QUIZ ANSWER: CITY OF NEW ORLEANS

Last week I asked a non-numismatic quiz question: In what popular song was the name of the town of Kankakee, IL used? I thought more people would be stumped by this one, but we had quite a number of responses, all correct. Thanks for playing! -Editor

First to respond was our webmaster, Bruce Perdue, and he had the correct answer.: The song "City of New Orleans". The line is "the train pulls out of Kankakee." Howard Berlin knew this one, too. Other readers filled in more details.

Tom DeLorey writes:

"City of New Orleans."

"...along the southbound odyssey, the train pulls out of Kankakee...."

My first wife and I lived on the south edge of Chicago, and occasionally would take a Sunday drive down Illinois Highway-1 to Kankakee for lunch. The highway parallels the Illinois Central tracks for quite a while, and occasionally we would see Amtrak's "City of New Orleans" heading towards Chicago.

Pablo Hoffman writes:

"All along the south-bound odyssey The train pulls out at Kankakee... "

N'awleans, here we come.

John Dannreuther writes:

Easy. "City of New Orleans". Goes by my house at either 5:45 or 6:45, depending on the season. Usually, right on time!

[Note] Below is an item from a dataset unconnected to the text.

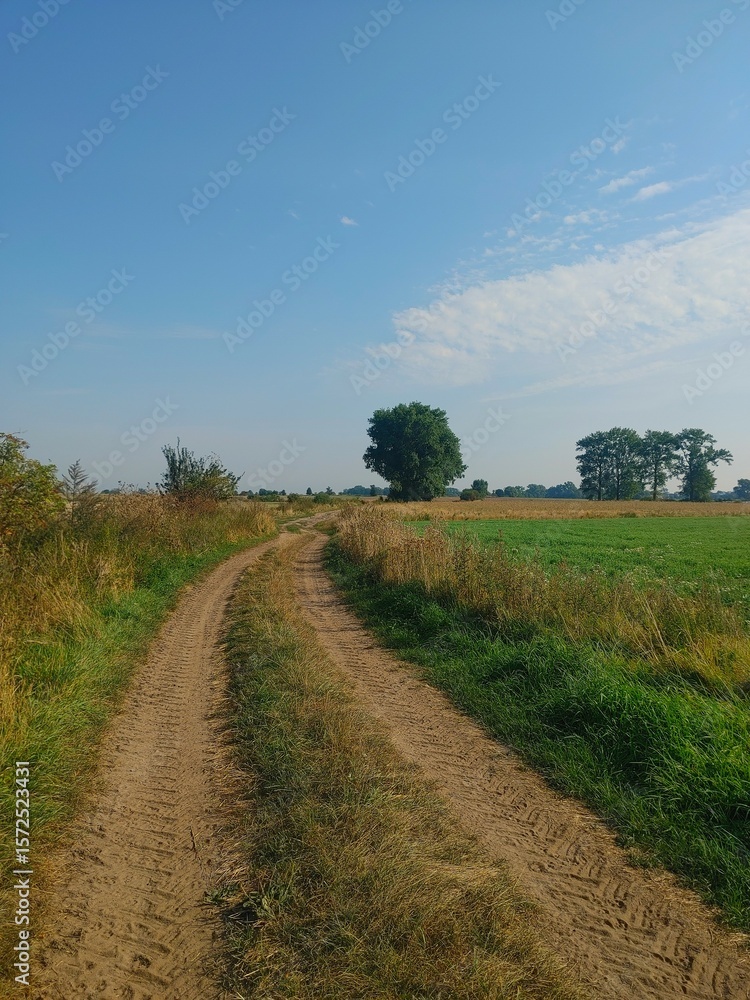 Fototapeta premium dirt road in the field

City of Chicago comes by at either 10:45 or 11:45. Never seems to be far off, either.

Now, most will think Arlo Guthrie wrote the song. How many know who wrote it?

Next week's question should be how many numismatists were/are musicians. I can think of quite a few.

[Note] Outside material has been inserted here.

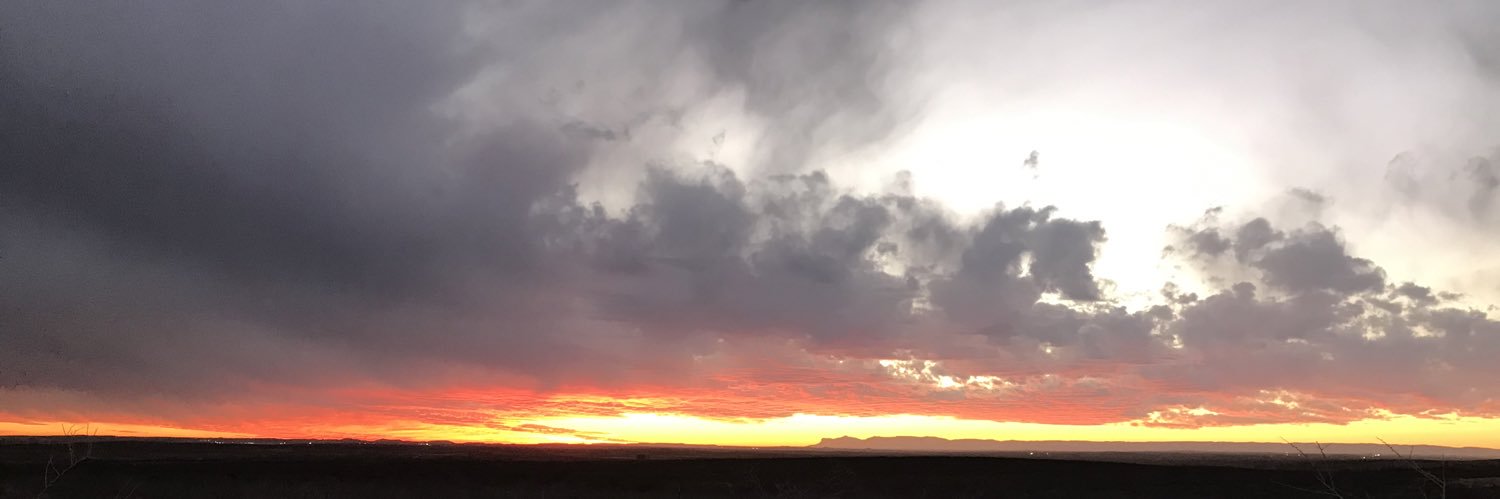 Feral Cat 🌵 banner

John gets extra credit for knowing the songwriter. He knew the answer to that question of course, as did Bill Eckberg, who writes:

City of New Orleans.
Written by Steve Goodman in 1971.
Hit for Arlo Guthrie in 1972.

Goodman's tune was an instant classic - pure poetry, even for people who wouldn't be caught dead reading a poem. Other artists have covered it, too. Jerry Schaeper writes:

When I read the quiz the first artist I thought of was Hank Snow's version of THE CITY OF NEW ORLEANS. Arlo Guthrie's 1972 version of it is probably what most folks better recall. Also recorded by Johnny Cash and others.

Dave Schenkman writes:

The song was written by Steve Goodman, a songwriter who died at an early age. He wrote a lot of neat songs. “City” was popularized by Arlo Guthrie. One of my favorite versions was recorded by the Seldom Scene, a bluegrass group that has been a fixture in the Washington, DC area for decades. The singer, at the time, was John Starling, a physician that the mandolin player referred to as “an ear, nose and wallet specialist.”

From folkblues.com:

In 1970, Steve wrote a song which would eventually be called by many people "the best train song ever written." Steve pitched the song to Arlo Guthrie, and in 1972, Arlo included the song on his album Hobo's Lullaby. It was then released as a single and became a big-time hit record. Steve always thanked Arlo for recording the song, and for making it possible for Steve to do what he loved -- playing music for a living.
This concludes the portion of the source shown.